Note: I already addressed this problem in another SO post - Using a semaphore inside a nested Java 8 parallel stream action may DEADLOCK. Is this a bug? -, but the title of this post suggested that the problem is related to the use of a semaphore - which somewhat distracted the discussion. I am creating this one to stress that nested loops might have a performance issue - although both problems have likely a common cause (and maybe because it took me a lot of time to figure out this problem). (I don't see it as a duplicate, because it is stressing another symptom - but if you do just delete it).
Problem: If you nest two Java 8 stream.parallel().forEach loops and all tasks are independent, stateless, etc. - except for being submitted to the common FJ pool -, then nesting a parallel loop inside a parallel loop performs much poorer than nesting a sequential loop inside a parallel loop. Even worse: If the operation containing the inner loop is synchronized, your will get a DEADLOCK.
Demonstration of the performance issue
Without the 'synchronized' you can still observe a performance problem.
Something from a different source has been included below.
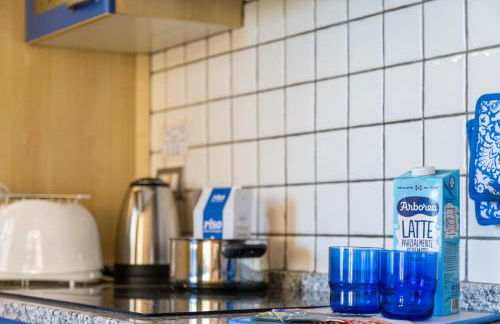 VILLE MONDO a 350 metri dalla spiaggia - Foto 70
You find a demo code for this at: http://svn.finmath.net/finmath%20experiments/trunk/src/net/finmath/experiments/concurrency/NestedParallelForEachTest.java (see the JavaDoc there for a more detailed description).
Our setup here is as follows: We have a nested stream.parallel().forEach().
- The inner loop is independent (stateless, no interference, etc. - except of the use of a common pool) and consumes 1 second in total in the worst case, namely if processed sequential.
- Half of the tasks of the outer loop consume 10 seconds prior that loop.
- Half consume 10 seconds after that loop.
- Hence every thread consumes 11 seconds (worst case) in total. * We have a boolean which allows to switch the inner loop from parallel() to sequential().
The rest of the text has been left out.